Patti Smith in O, the Oprah Magazine

ROCKER CHICK: PATTI SMITH
In the poseur-glutted world of punk rock, pioneer Patti Smith, 63, has always been unique: a deep thinker, a poet, a sensitive soul who comes by her edge and attitude honestly. The very same can be said for her personal style, which she calls "expensive bum." Smith, author of the current memoir Just Kids, smiles as she recounts a recent trip to the upscale Manhattan department store Bergdorf Goodman. "I could see certain salespeople watching me," she says. "My hair's all a mess, or I look a bit raggedy. And I just laugh, because I have the most expensive clothes on! I just wear 'em to death." While she may not look it, Smith is a connoisseur of haute couture, which she discovered as a teen growing up in New Jersey, poring over the clothes in Irving Penn photographs in Vogue and scoring similar pieces at resale shops outside Philadelphia. But she was skinny, with stringy hair, during what she calls "that voluptuous blonde era," so Smith sought refuge in New York City's punk scene. Soon, she says, "half the girls who'd come to the shows would be dressed like me." Along with her insistence on "the thinnest, lightest, if-a-spider-wove-them-they-couldn't-be-thinner" T-shirts, Smith has maintained a love of coats; "they have a certain nobility about them." In the '70s, she bought oversize Armani and Versace blazers and wore them over her tees, which she held together with safety pins when they ripped (a few years later, every punk fan in New York was doing the same). Of her unique style, Smith says, "I took a little from Keith Richards, a lot from Bob Dylan. It's fun, you know?"

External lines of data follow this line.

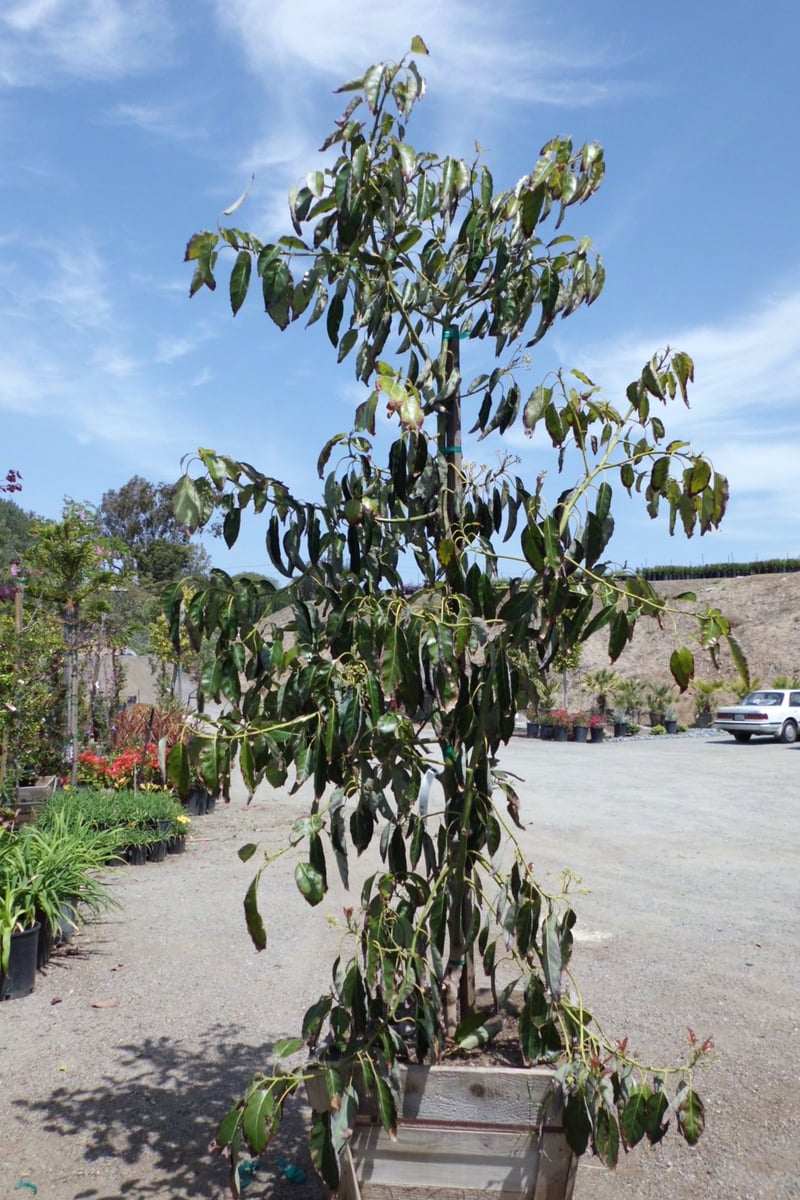 Photo for Persea americana 'Stewart' or 'Sir Prize' (Stewart or Sir Prize Avocado)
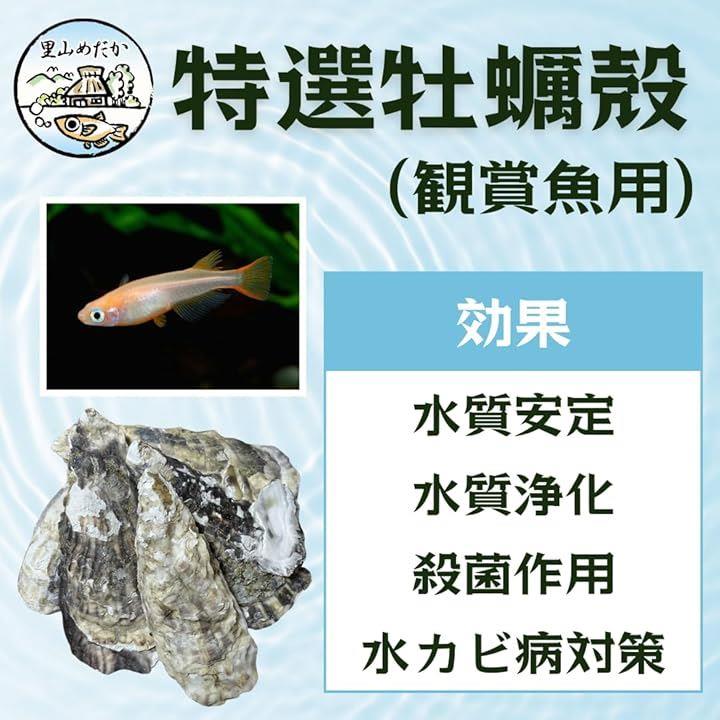 ffffffffdb84cfffffc9c1ffc1ffc118c100ffc7d3ffe3e7c9ff81cfc3fff3ff8e8b8e8a8f8f908c8b098d8d893c0000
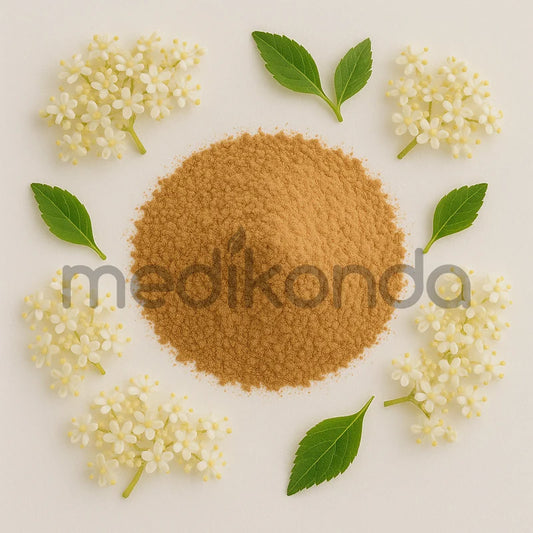 Elderberry Flower Extract Powder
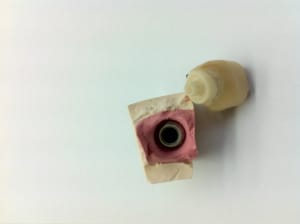 Photo 2 aby3o1 - Eugenol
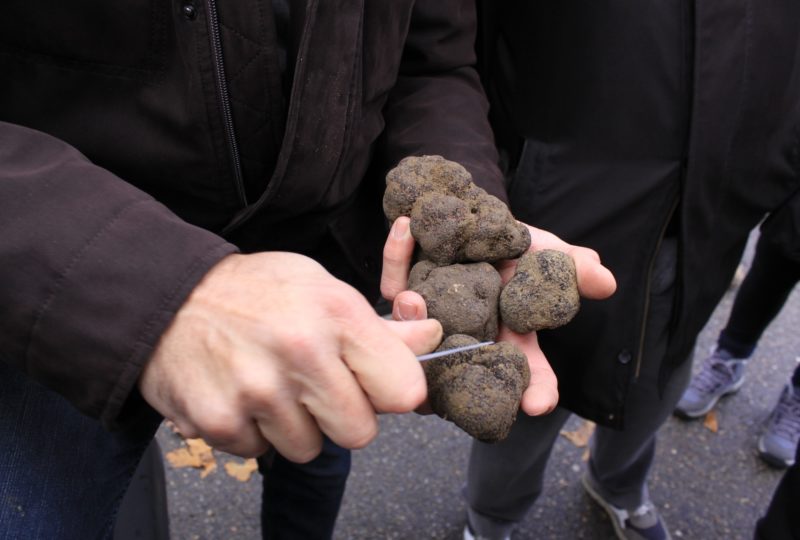 Marché aux truffes à Richerenches - 2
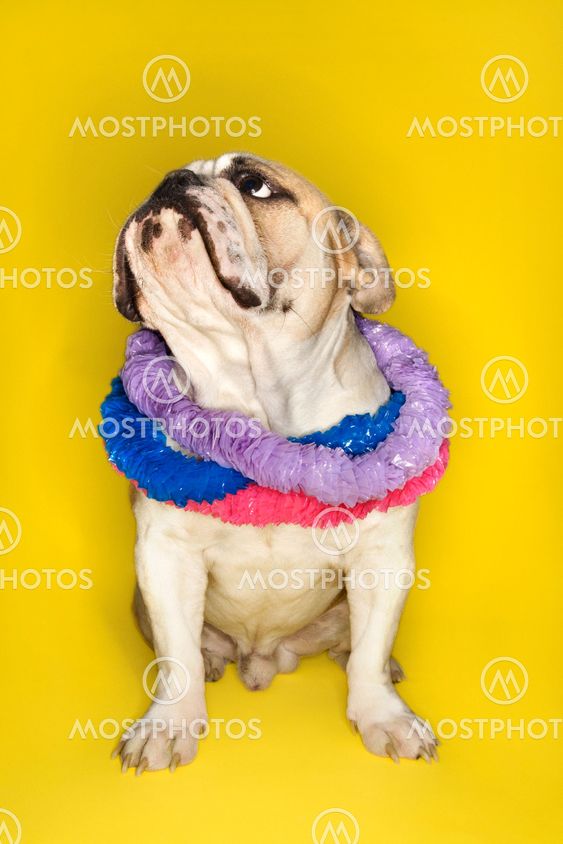English Bulldog wearing lei.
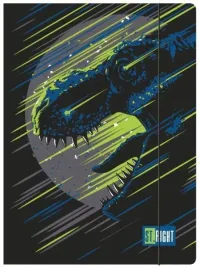 st-right-teczka-z-gumka-a4-na-rysunki-dokumenty-dla-chlopca-dinosaur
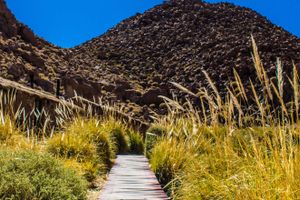 Actividad - Excursión a las termas de Puritama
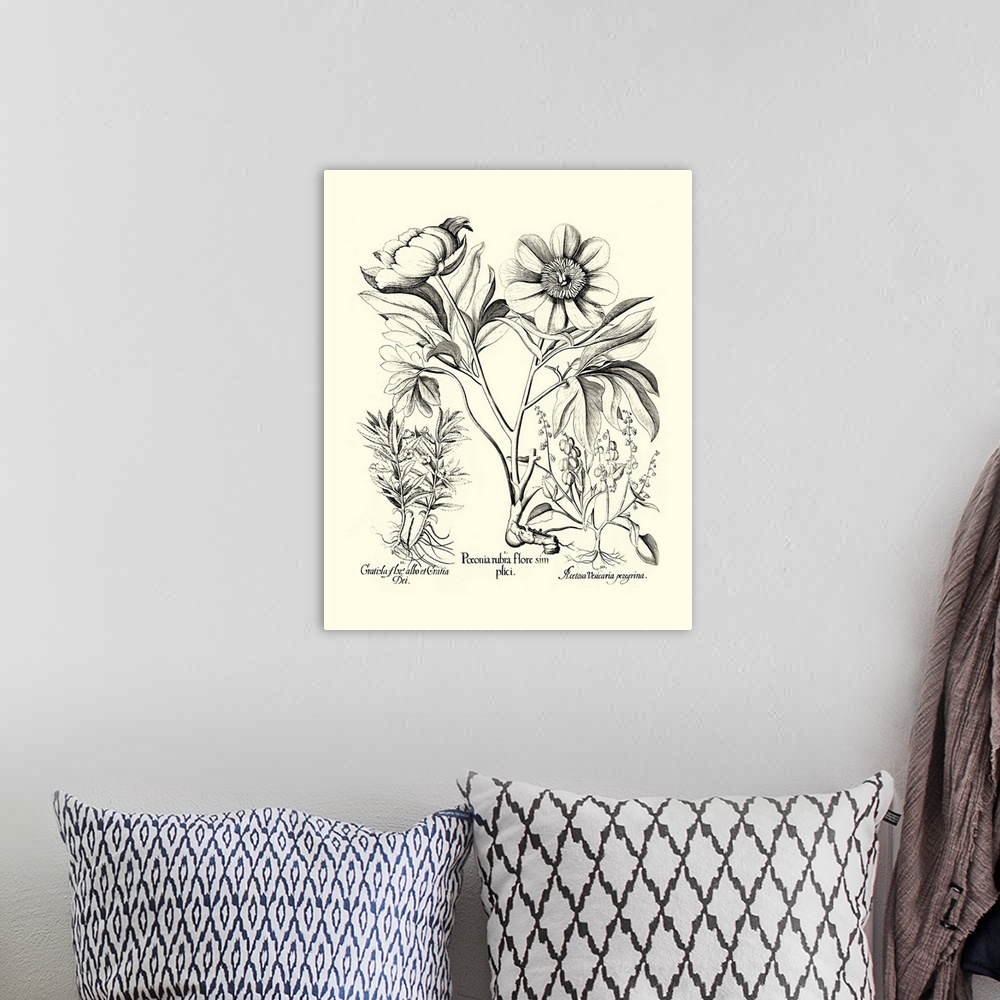 A bohemian room featuring Crackled B&W Besler Peony IV
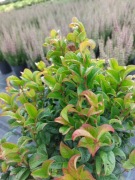 Kiścien wawrzykowy - krzew Curly Red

Kelly Wearstler in O, the Oprah Magazine

MIX MASTER: KELLY WEARSTLER
As anyone who has ever stayed in a hotel designed by Kelly Wearstler—or flipped through one of her over-the-top coffee-table books—can attest, the petite Los Angeles megadecorator is no minimalist. Her zany, upbeat aesthetic plunders Hollywood's past and recasts it in Technicolor, ignoring conventional wisdom about what matches, instead combining accessories and found objects into surprisingly harmonious tableaux. Arriving on set in jeans and a ponytail (one hardly recognizes her in this sedate getup), she surveys a rack of clothing and instantly zeroes in on a short white skirt made of feathers to pair with her own leather fringe wrap and vintage snakeskin boots. But Wearstler wasn't always such a freethinker. Growing up in Myrtle Beach, a world away from the Hollywood mansions that would later become her canvas, Wearstler mostly stuck to good-girl basics, occasionally scouring vintage stores and her mother's closet for things to add a bit of wit. "I was definitely more insecure then," she says. "But I would take risks here and there." It was only when she interned at the design firm Milton Glaser in New York City during college at the Massachusetts College of Art and Design that Wearstler started allowing herself to just let it all hang out, making "emotional" purchases at flea markets and gaining confidence in the madcap aesthetic that would become her signature. Before taking her sons to school, Wearstler has just 25 minutes to pull herself together, which she says facilitates fearless dressing. "Beautiful things happen," she notes, "when you break the rules and go for it."